Samstag, 26. Juni 2010


vorgestern abend war es so weit: gegen 22 uhr gab das versehentlich eingeschaltete küchenradio plötzlich vertraute töne von sich: anlässlich des unsäglichen wm-getrötes in und um südafrika erklang die antwoord erstmalig in meinem beisein aus dem deutschen rundfunk!



ab jetzt sind die fliegen an der reihe, ihr urteil über den unterhaltungswert dieses produktes abzugeben, das sicher etwas länger als die wm frisch bleiben wird.



die antwoord ging hervor aus max normal.tv, deren frühere aktivitäten auch über das kommentarfach hörbar sind.





Freitag, 25. Juni 2010
mal was anderes: etwas revolutionär eintöniges aus den lysergsäurehaltigen 1960er jahren. der komponist war mit john cale befreundet und daher führt diese schnurgerade wurzel auch über die styrenes zu sister ray.

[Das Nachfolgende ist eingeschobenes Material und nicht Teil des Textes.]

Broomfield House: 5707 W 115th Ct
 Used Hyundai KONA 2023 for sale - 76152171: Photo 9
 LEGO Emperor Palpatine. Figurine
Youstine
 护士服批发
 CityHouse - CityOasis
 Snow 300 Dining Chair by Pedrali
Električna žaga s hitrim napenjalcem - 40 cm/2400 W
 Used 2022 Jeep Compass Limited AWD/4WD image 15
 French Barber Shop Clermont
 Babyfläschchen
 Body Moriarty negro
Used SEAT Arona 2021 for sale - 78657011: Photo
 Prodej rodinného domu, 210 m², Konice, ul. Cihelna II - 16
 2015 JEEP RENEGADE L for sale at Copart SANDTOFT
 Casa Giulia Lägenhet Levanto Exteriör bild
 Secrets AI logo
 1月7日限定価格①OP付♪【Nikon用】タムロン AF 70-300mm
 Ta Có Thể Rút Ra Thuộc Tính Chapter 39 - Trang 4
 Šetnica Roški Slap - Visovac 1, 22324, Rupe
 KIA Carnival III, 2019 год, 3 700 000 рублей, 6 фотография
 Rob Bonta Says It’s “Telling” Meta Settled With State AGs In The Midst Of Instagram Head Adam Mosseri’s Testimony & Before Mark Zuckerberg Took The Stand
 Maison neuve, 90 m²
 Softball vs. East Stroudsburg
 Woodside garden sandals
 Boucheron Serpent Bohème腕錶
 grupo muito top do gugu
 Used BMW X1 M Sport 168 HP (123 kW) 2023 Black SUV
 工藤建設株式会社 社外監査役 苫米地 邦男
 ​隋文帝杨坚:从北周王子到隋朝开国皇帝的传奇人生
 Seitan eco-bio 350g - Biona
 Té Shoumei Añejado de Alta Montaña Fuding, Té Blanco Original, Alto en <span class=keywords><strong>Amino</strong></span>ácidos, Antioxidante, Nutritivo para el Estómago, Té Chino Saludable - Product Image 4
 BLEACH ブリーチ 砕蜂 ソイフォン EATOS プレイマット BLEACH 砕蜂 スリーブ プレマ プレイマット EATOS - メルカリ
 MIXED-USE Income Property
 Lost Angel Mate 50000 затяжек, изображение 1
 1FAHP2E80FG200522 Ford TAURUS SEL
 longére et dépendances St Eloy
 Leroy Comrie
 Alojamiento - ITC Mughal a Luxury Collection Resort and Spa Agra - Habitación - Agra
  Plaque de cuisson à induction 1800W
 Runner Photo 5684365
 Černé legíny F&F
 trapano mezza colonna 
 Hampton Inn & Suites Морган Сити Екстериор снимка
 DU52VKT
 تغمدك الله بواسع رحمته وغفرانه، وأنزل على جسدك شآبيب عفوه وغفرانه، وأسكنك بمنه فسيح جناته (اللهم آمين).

radiogeburten aus einer zeit, in der mich musik wenig scherte, gaben nicht den schlechtesten rahmen für jene zwei bands ab, die mich 1988 noch immer interessierten: wire, die sich auf dem melodiösen höhepunkt ihres schaffen's befanden (kidney bingos) und pere ubu, die sich nach sechsjähriger pause mit der avantgardistischen "tenement year" - lp wieder meldeten, - bevor sie im folgenden jahr mit "cloudland" (waiting for mary) gleichfalls ihren harmoniegipfel stürmten.
aus solch efeubewachsenen tagen sprudeln die töne dieses von erasure liebevoll und schmissig gecoverten evergreen's bis in unsere inzwischen durch walkman, mp3, fussballtröten und gps - verseuchten ohrwaschel und umschmeicheln dortselbst irgendwelche (sogar dem porösesten hirn bei gutem wetter innewohnenden) honigzellen.





Samstag, 19. Juni 2010
abwechslung muss einfach sein. auf der immmerwährenden suche nach solcher trifft man im gnogongo - blog auf eine mexikanische anregung, die mut zur extravaganten hosenmode macht und neugier auf jene sagenhaften guitarrons erzeugt,
die sich manchmal im hintergrund von joe strummer bewegten (walker, 1987).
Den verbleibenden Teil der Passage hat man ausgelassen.